Le bâtiment incendié abritait des logements offerts en location à court terme sur la plateforme Airbnb, ce qui est pourtant interdit dans ce secteur de la ville.

J'ai tout perdu

Jill Zhu, une autre amie de Mme Wu, affirme de son côté que la famille de cette dernière a réclamé des explications de la part d’Airbnb, lui demandant de fournir des informations concernant le contrat de location. L’entreprise a répondu que tous les détails sont partagés uniquement avec la police de Montréal, indique Mme Zhu.

Certains témoignages soulèvent des questions sur la conformité du bâtiment, mais le SPVM n'était pas encore en mesure d'apporter des précisions à cet effet lundi.

Selon une autre amie d’An Wu, la jeune scientifique est considérée comme une enfant prodige, une fierté pour toute sa famille. Elle se consacrait à ses recherches, passant environ 18 heures par jour à travailler dans le laboratoire universitaire. C"est un très bon modèle pour tout le monde.

Depuis le Pakistan, Mahmoud Zafar s’impatiente. Il veut avoir des renseignements sur sa fille Dania, 32 ans, dont il est toujours sans nouvelles.

Nous étions très proches. Pour moi, c'est la fin du monde. J'ai tout perdu.

Mahmoud Zafar, père de Dania, une femme portée disparue depuis l’incendie

Selon lui, Dania Zafar est arrivée à Montréal mercredi dernier pour une escapade d'une nuit avec son amie d'enfance, Saniya Mazhar Khan, 31 ans, elle aussi portée disparue depuis jeudi.

Elle nous a montré [le logement]. Elle a dit que c'était plutôt bien et qu'il y avait une fenêtre, a déclaré M. Zafar, ajoutant que Dania avait choisi le bâtiment dans le Vieux-Montréal pour son histoire et son inspiration artistique.

Elle était censée rester une nuit dans un Airbnb à Montréal avant de rentrer chez elle à Toronto le lendemain, mais elle n’a plus donné signe de vie.

Les membres de sa famille ont commencé à s'inquiéter lorsque Dania a cessé de répondre au téléphone. Ils ont demandé à une amie de vérifier son appartement à Toronto, mais elle n'était pas là. Finalement, la famille a décidé de signaler aux autorités montréalaises la disparition de Dania et c'est alors qu'un agent de la police de Montréal les a contactés.

Qui est responsable?

Je pense qu'elle était au mauvais endroit au mauvais moment et que toutes les chances étaient contre elle, se désole Mahmoud Zafar.

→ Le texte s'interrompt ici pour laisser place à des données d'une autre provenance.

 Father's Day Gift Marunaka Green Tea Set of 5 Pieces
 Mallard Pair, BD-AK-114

Il décrit sa fille comme une personne libre et indépendante qui réalise ses rêves. Elle est si amicale. Tous ceux qui la rencontrent ne l’oublient jamais, dit-il encore, assurant avoir l'espoir qu’elle sera toujours vivante. Elle adore les chats, la nature, les plantes.

M. Zafar affirme qu'il veut des réponses et davantage de transparence de la part des autorités à Montréal, se disant frustré de ne pas savoir pourquoi sa fille n'a pas encore été retrouvée. Son logement se trouvait au troisième étage. Elle aurait dû être repérée maintenant.

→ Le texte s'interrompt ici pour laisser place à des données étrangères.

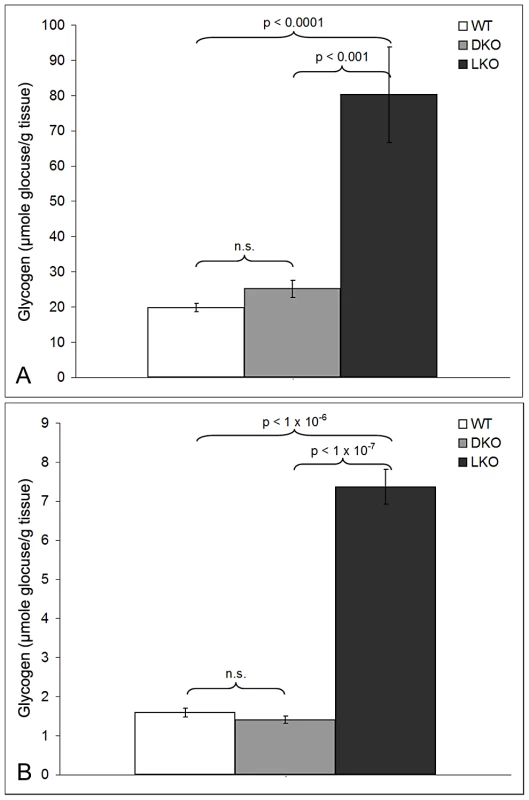 Glycogen levels in skeletal muscle and brain in 12-month-old wt, LKO, and DKO mice (µmol glucose/gm tissue).
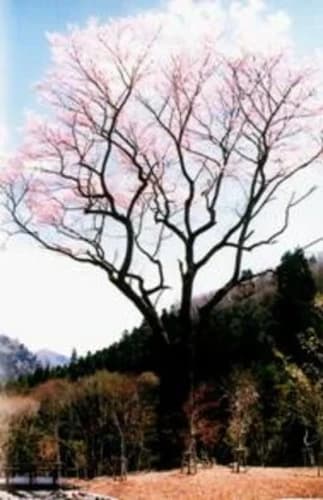那須塩原市営 塩原温泉さくら公園墓地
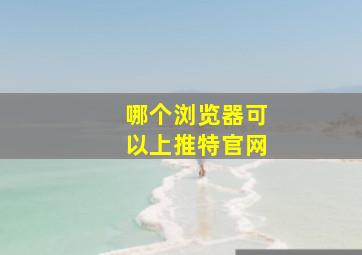 哪个浏览器可以上推特官网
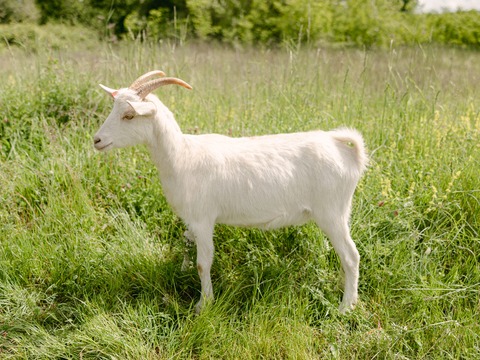 Rita - slika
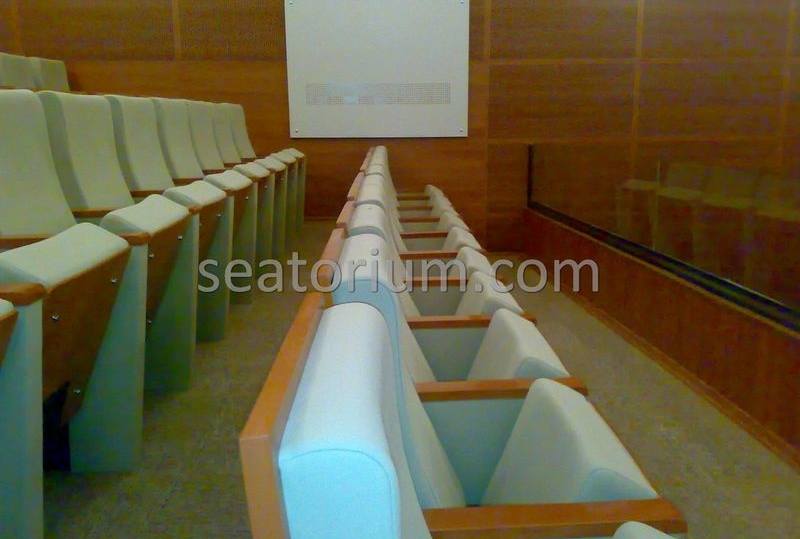 Balıkesir University Necati Bey Campus Auditorium Chairs - Seatorium™'s Auditorium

Je dois retrouver ma fille. Que lui est-il arrivé? Pourquoi n'a-t-on pas pris de précautions? Qu'est-ce qui a mal tourné? Qui est responsable?

Mahmoud Zafar, père de Dania

Lundi, la police de Montréal a affirmé que l'enquête pourrait s'échelonner sur minimalement une à deux semaines, affirmant que la tâche serait extrêmement difficile. Un camion-nacelle, des grues et d'autres équipements ont été déployés pour faciliter les travaux des policiers et des pompiers, de même que des techniciens du laboratoire en sciences judiciaires.

L’amie qui accompagnait Dania à Montréal, Saniya Khan, est quant à elle venue de Détroit, où elle poursuit une maîtrise en santé publique. Les deux femmes se sont rencontrées au Pakistan alors qu’elles n’avaient que 10 ans, selon le père de Saniya, Mazhar Khan. Elles travaillaient ensemble à l’écriture d’un roman et avaient beaucoup de projets ensemble.

Nous avions l’habitude de parler tous les jours, affirme M. Khan. Elle ne me cachait rien, elle partageait avec moi ses problèmes, ses rêves, ses joies et tout.

Disant qu’une partie de son cœur avait disparu avec sa fille, M. Khan est arrivé à Montréal dès qu’il a entendu la nouvelle de l’incendie, mais il est rapidement rentré chez lui pour s’occuper du reste de sa famille, affligée par la nouvelle. Il compte toutefois revenir à Montréal cette semaine et se dit déterminé à ne pas en repartir sans sa fille.

En 15 minutes, c'était terminé

Charlie Lacroix, 18 ans, est une autre jeune femme disparue dans l’incendie de jeudi dernier. En entrevue avec Patrice Roy sur ICI RDI, Thierry Lacroix, son grand-père, semblait inconsolable. Il dénonce la non-application de la loi réglementant les logements offerts en location à court terme à Montréal, déplorant la déficience des mesures de sécurité du bâtiment patrimonial incendié.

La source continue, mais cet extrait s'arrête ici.